Now there have been some insights in Strigi's performance, where it proved to be 40 times faster indexing files compared the the second-best... Of course, the competition has improved since. But how does the new strigi meta-data extraction compare to the old KFileMetaInfo in terms of speed?

I tested this on all png files on my system, using the following two commands:

For KDE 3: time locate png|grep \\.png$|xargs kfile --av
For KDE 4: time locate png|grep \\.png$|xargs xmlindexer

The output of those is comparable, though the xml indexer from strigi extracts stuff in xml form. Both put out the meta information to the commandline, showing things like dimensions, color depth or comments.

Now, on my dualcore 2.2ghz 3gb RAM system, kfile takes 40 minutes to complete (average over 3 runs). Xmlindexer takes an average of 24 seconds. Yes, seconds. That's almost 100x as fast...

xmlindexer (strigi):
real 0m27.262s
real 0m27.056s
real 0m19.328s
Average 24 sec

kfile (kde3):
real 45m5.689s
real 37m14.158s
real 37m17.515s
Average 40m12sec

So, how could this be so much faster? Filecache used by strigi? I first ran xmlindexer (27 seconds), then kfile (45 minutes) and then, after a few hours (during the night), I ran both tests twice again, with a 1 hour interval. Yes, I did use my dualcore in the mean time, mostly watching a movie. So the results aren't exactly scientific, but hey - we're talking a 100 times faster here. A movie won't have such a huge impact... And filecache might have an impact, but if it does - it can't explain the differences. Second and third run of kfile where indeed faster, but still magnitudes behind strigi (which got faster as well).
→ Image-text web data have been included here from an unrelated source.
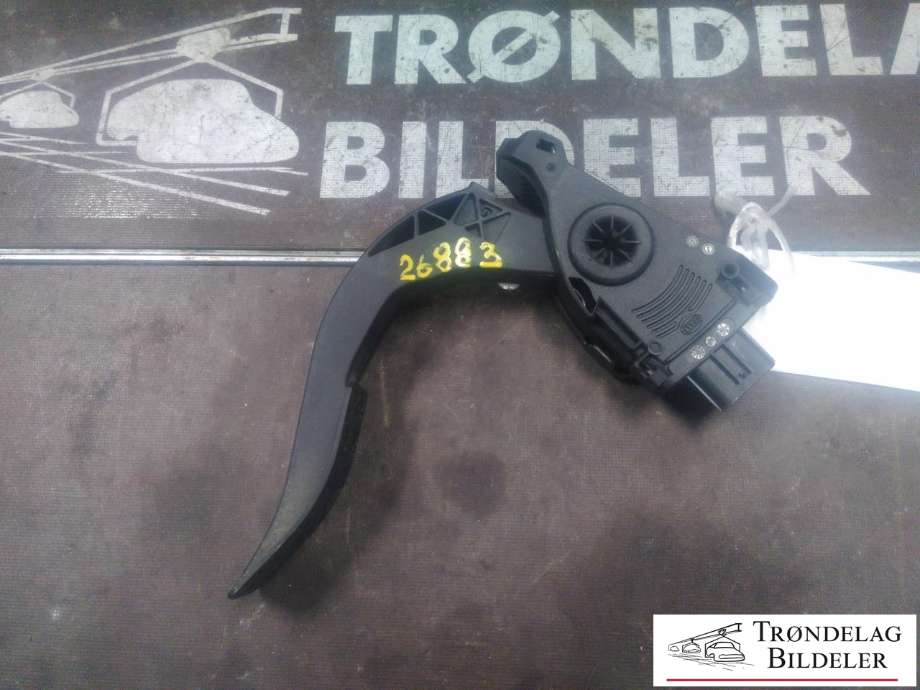 Pedal gass til Audi Q5 2008-2012 (Type I, Fase 1) (8K1 721 523 A|6PV 009 505-20|)
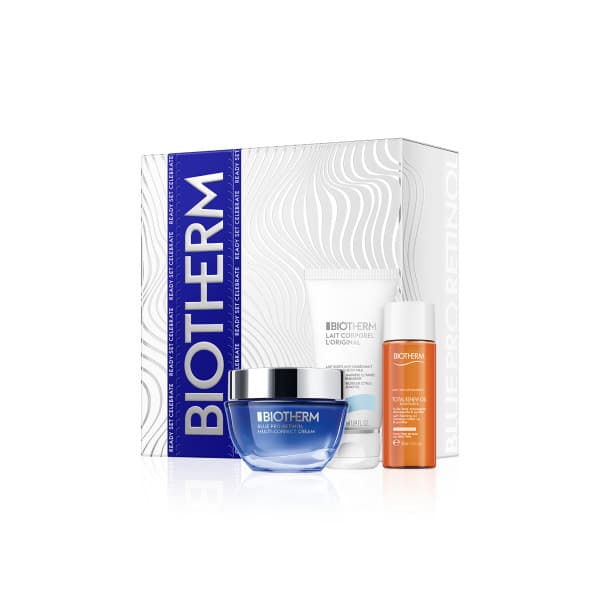 Biotherm Specials - Blue Pro-Retinol Multi-Correct Cream Holiday Set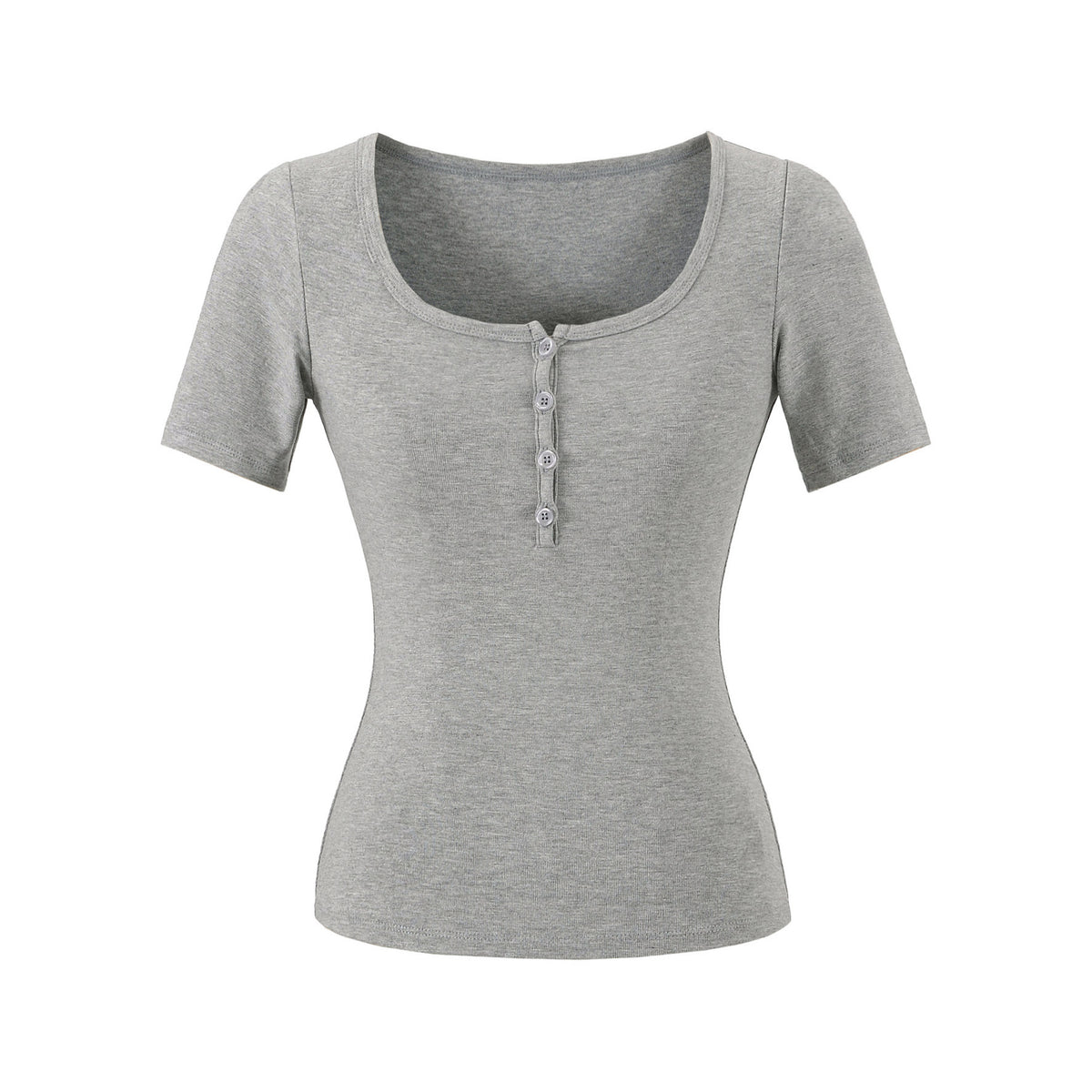 V-neck top for women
According to Jos, the speed difference could have two reasons: kfile does something wrong, and KFileMetadnfo isn't that slow, or - well, it is... (I'll have a look at this, btw, expect a second blog about it). It could just be that the png indexer in KFileMetaInfo hasn't seen much work, and most of the speedup could have been gained by rewriting it - so I'll have to check other plugins as well to see how they compare. And currently, the new infrastructure isn't as complete as KFileMetaInfo was - many plugins haven't been ported yet, and there is no KIO integration.
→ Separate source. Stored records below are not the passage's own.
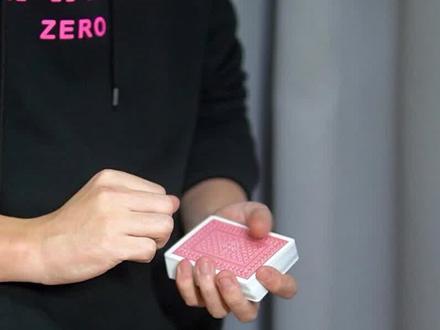 史上最酷炫变牌手法!学会帅翻女同学! #纸牌魔术教学 #扑克魔术 #纸牌魔术 #魔术教学 #魔术揭秘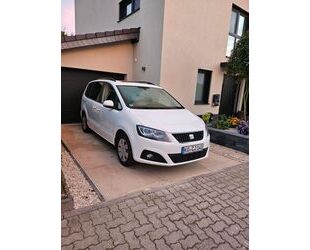 Seat Seat Alhambra Gebrauchtwagen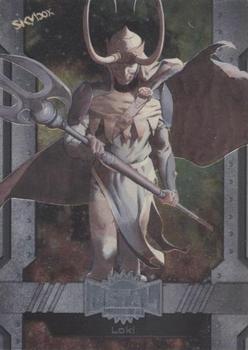 Loki front card image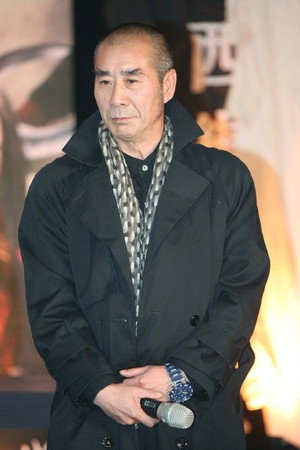 Sun Jiankui in Yellow River Fighter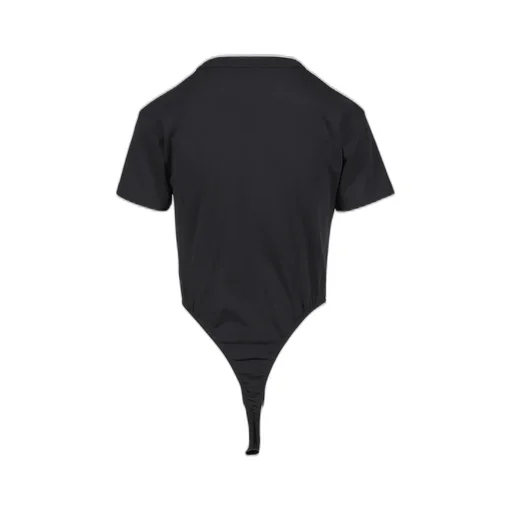 Leotard T-Shirt Knit / Black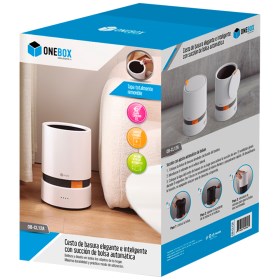 Cesto De Basura ObCl12a  Succi...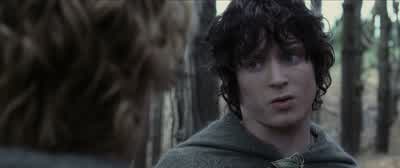 Now, Mr. - The Lord of the Rings: The Two Towers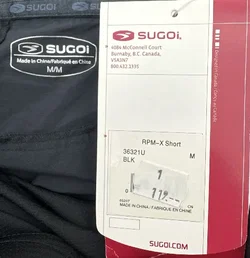 Sugoi - Herren Fahrrad Shorts - Gr. M – Vorschau 3
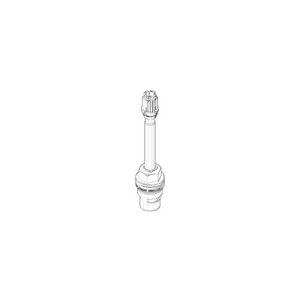 Bovendeel RESluit zonder gat 1/2" 9090032050090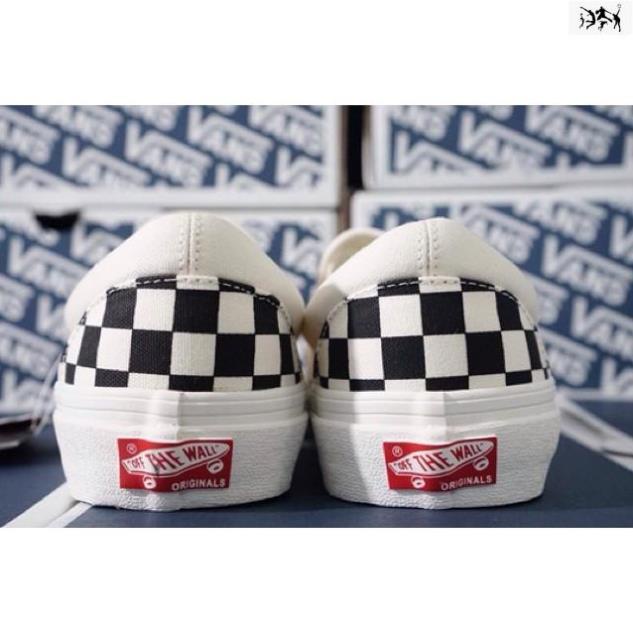giày vans vault checkerboard 2019 . XCv [ HÀNG ĐẸP ] . ˇ ^ ^ ⁵ Chất ^^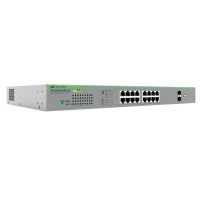 Allied Telesis AT-GS950/18PS-V2-50, Unmanaged, Gigabit...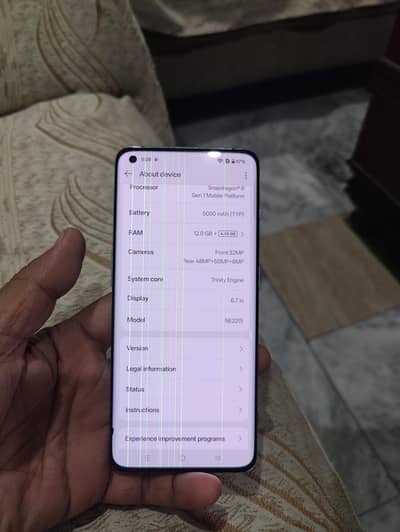 OnePlus 10 pro 12GB 256GB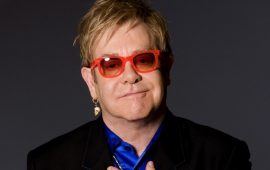 Elton John was urgently hospitalized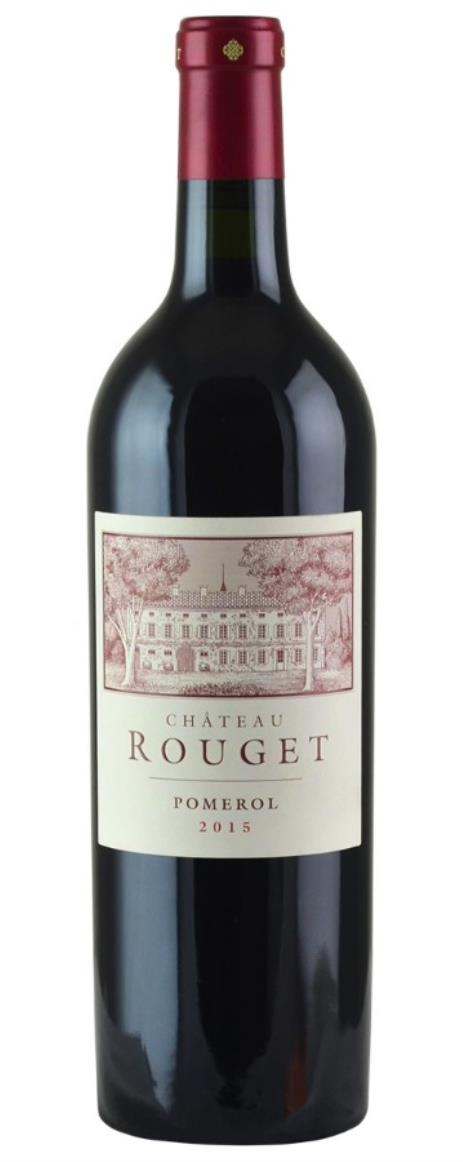 2015 Rouget Bordeaux Blend
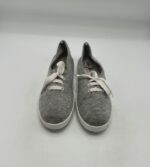 Espadrile dama Atmosphere 39 material textil , gri - imagine 2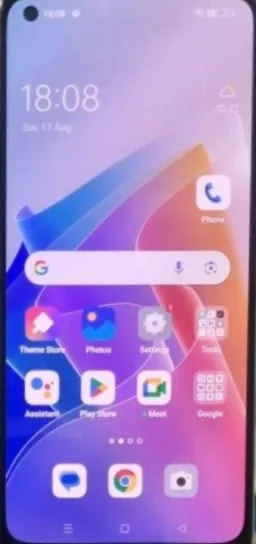 Oppo F21 Pro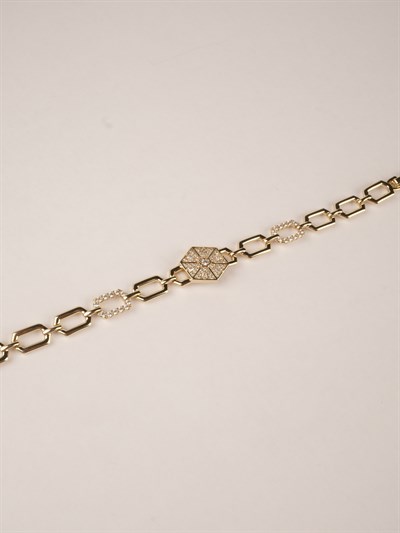 Hesperia Gold Bileklik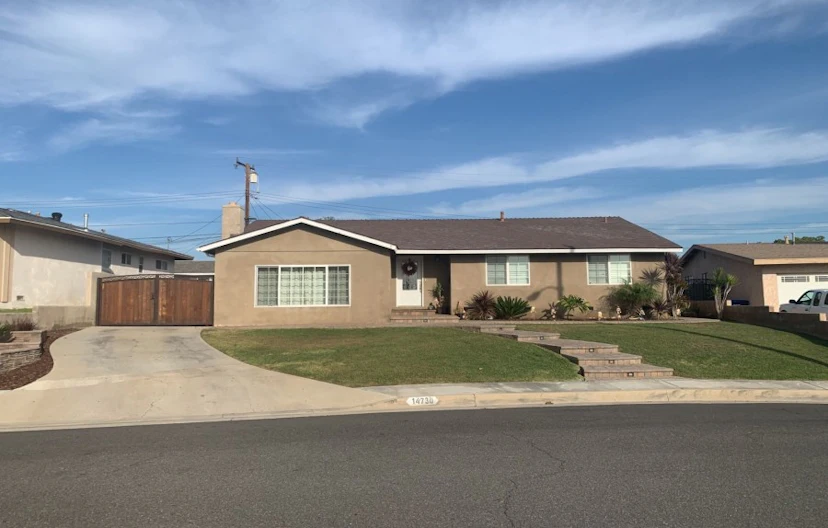 14730 Florita Road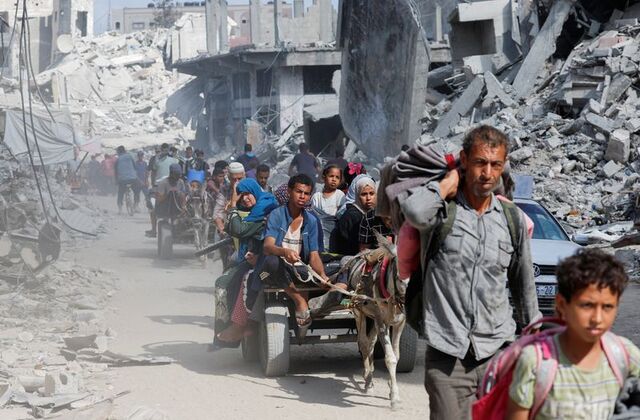 Onu: “Militarizzare il cibo è un crimine di guerra”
Still, seeing new technology being this closely integrated in KDE, and finding out what it can do makes for some interesting statistics, don't you think? I'll try to test more plugins, and figure out if there is something wrong with kfile. And Konsole, btw, as it crashes every time I try the KDE3 test in it... Maybe the unlimited history gets filled up a bit too fast/much?